This article was published 21/09/2017 (2949 days ago), so information in it may no longer be current.
For safety, the Syrian kids with basement bedrooms huddle together with their parents in the living room to sleep in case their building is firebombed and they need to escape in a hurry.
They’re not in war-torn Aleppo — they’re on Dufferin Avenue in Winnipeg.
That’s the situation for six Syrian refugee families in the area near McGregor Street who, for the past five months, have been threatened with arson, had rocks and eggs thrown at their homes, and have been targeted with racist graffiti and slurs.

“It’s bad,” said Kamal Alhassan, who fled the chaos of Aleppo for Lebanon before arriving in Canada 18 months ago.

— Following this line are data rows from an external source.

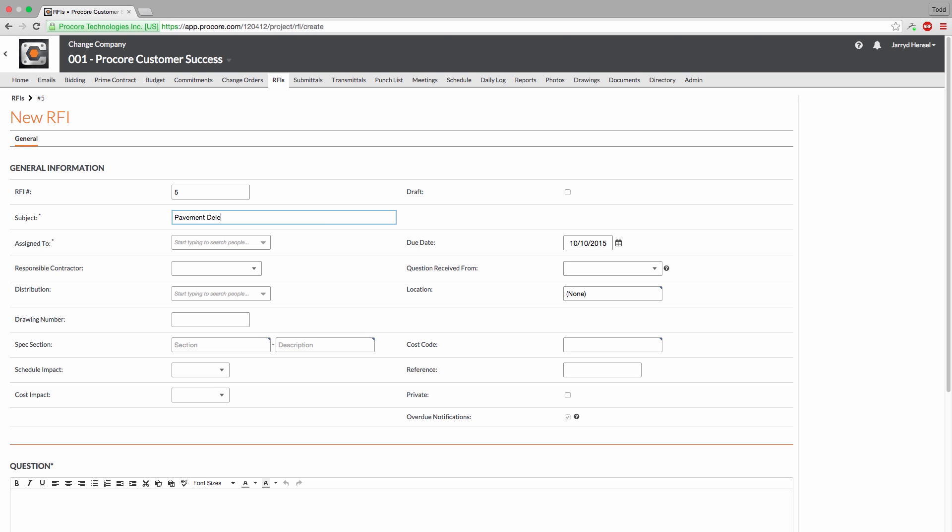If you need to save the RFI as a draft to work on or send out at a later time, you can check the Draft RFI box. A draft RFI can be assigned to the next RFI number, or you can choose to assign it a number later on.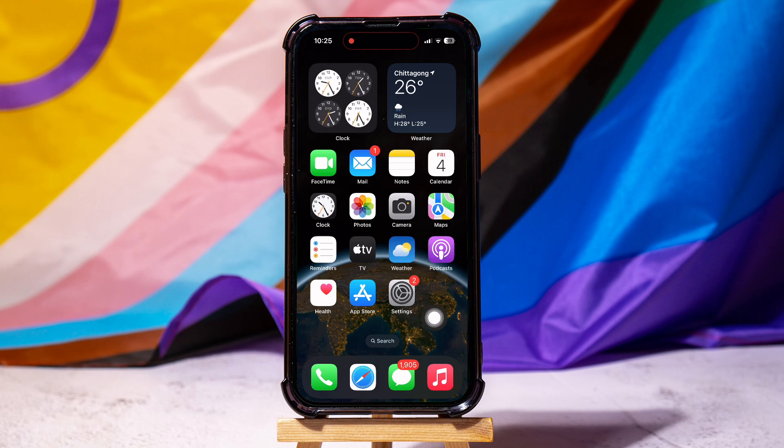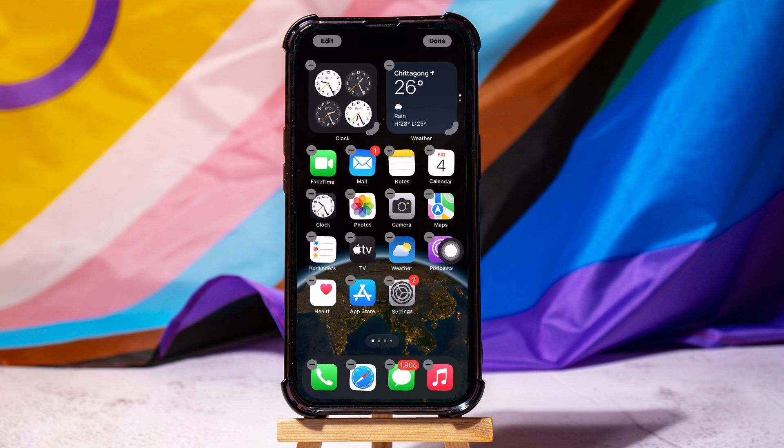Over here, long press on any empty area of the home screen until the icons start to wiggle and a minus sign appears on each icon.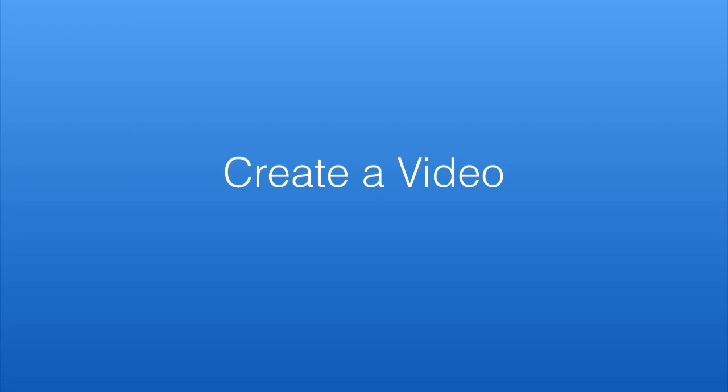Have you ever wanted to create a quick video for a sales page, online training, or simply to share an important message?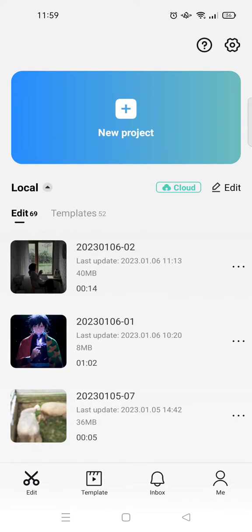Hey everyone, welcome back to this channel. On today's video, I'm going to show you how you can share CapCut templates. If you are making your own templates, or maybe you find an interesting template from CapCut and you want to share it with your friends, you can just follow these steps.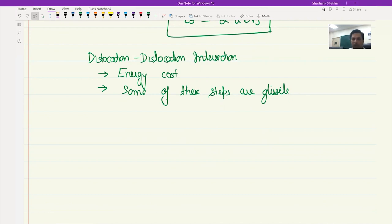We also looked at four different types of intersection: edge-edge dislocation when the Burgers vectors are parallel, edge-edge when the Burgers vectors are perpendicular to each other, edge-screw dislocation intersection, and screw-screw dislocation intersection.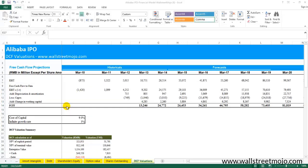Hello friends, welcome to WallStreetmojo's investment banking tutorial. Today's topic is two variable data tables, and I will teach you why it is extremely important from the point of view of valuations. Now think of you performing a valuation exercise.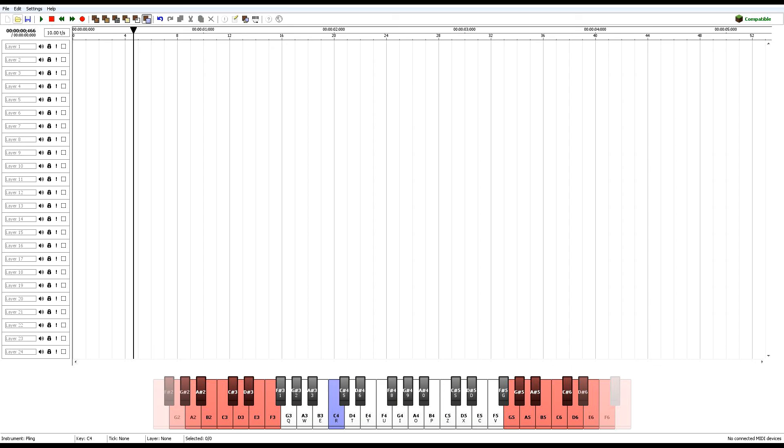But, yeah, that's pretty much how you import a custom instrument into NoteBlock Studio. So, yeah, hope you found this tutorial useful. Thank you guys all for watching, and I'll see you guys all later. Goodbye.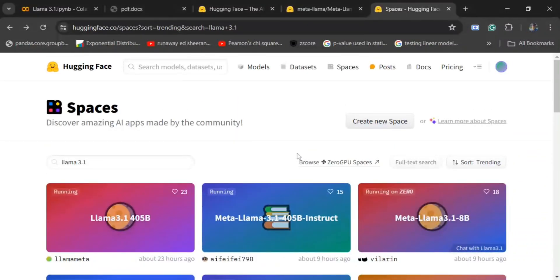Hi everyone, today I will be demonstrating how you can use LAMA 3.1, the latest LLM model, the biggest open source model till now by Meta.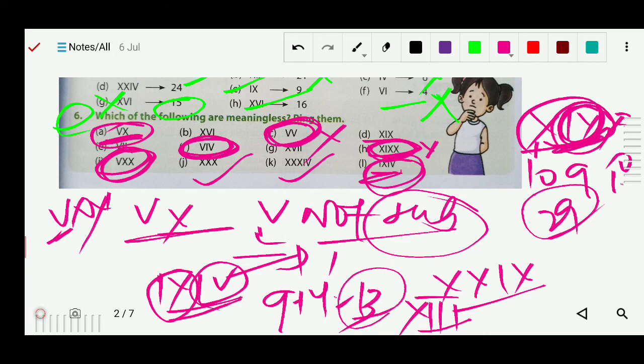I hope you understand. Today's homework is to solve exercise 2 and to write all four rules of Roman numerals — both for reading and for writing Roman numbers. Learn and understand all four rules. Thank you.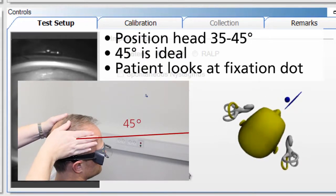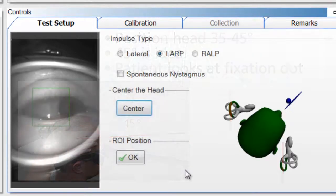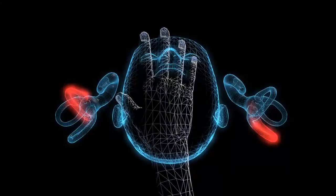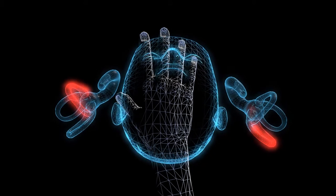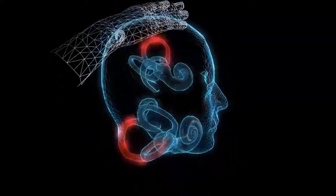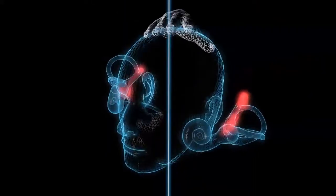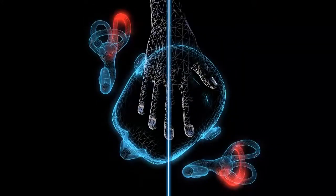This is easy to remember: LARP starts with L, and you want to do the opposite of the first letter, so you turn to the right. By turning to the right, you're lining up the left anterior canal towards the fixation dot, and the right posterior canal towards the fixation dot. When we move the head to the right, we're making sure that our head impulses are a pure pitch motion and not a combination of pitch and roll, which makes it a lot easier to perform your head impulses accurately.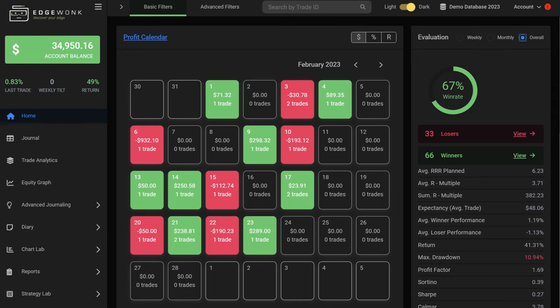In this video, I show you the most important performance statistics and trading metrics that you have to know about your trading in order to fully understand your trading performance, optimize your trading approach, and trade with more confidence.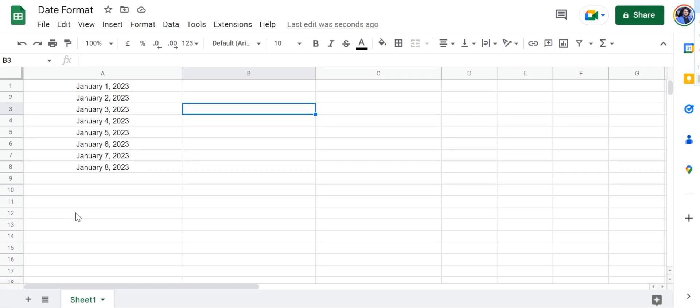Hey there everyone, I'm Talha and in this video I'm going to show you how to change your date format in Google Sheets. Sometimes when you're working with dates in Google Sheets you may want to change the format that they appear in.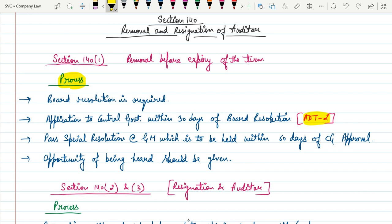Also, an opportunity of being heard should be given to the auditor who is going to be removed.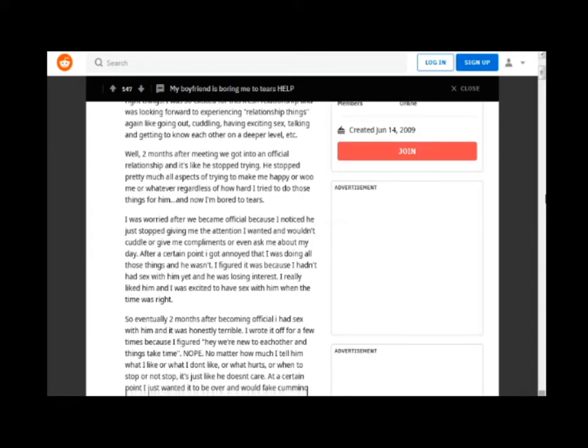I was worried after we became official because I noticed he just stopped giving me the attention I wanted and wouldn't cuddle or give me compliments or even ask me about my day. After a certain point I got annoyed that I was doing all those things and he wasn't.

Once again, he’s preparing to flee with his family for safety.
They and five other Syrian refugee families on Dufferin Avenue in the North End have been terrorized and harassed and had their property vandalized.
The latest incident occurred Monday and targeted the fence in front of the housing complex where Alhassan, his wife and six children live.
Alhassan pointed it out to a photographer but insisted on smiling for the photo because he is grateful to be in Canada, where his kids — ranging in age from five months to 16 years — live in a private rental unit.
After all that has happened to the war-affected families, the latest incident was a message scribbled in indelible marker on their fence: “Go home, go back to your country, leave Canada,” preceded by some Islamophobic and misspelled graffiti. The offender seems to have been trying to spell “Allahu akbar,” an Arabic phrase that means “God is most great” used in traditional Muslim prayers.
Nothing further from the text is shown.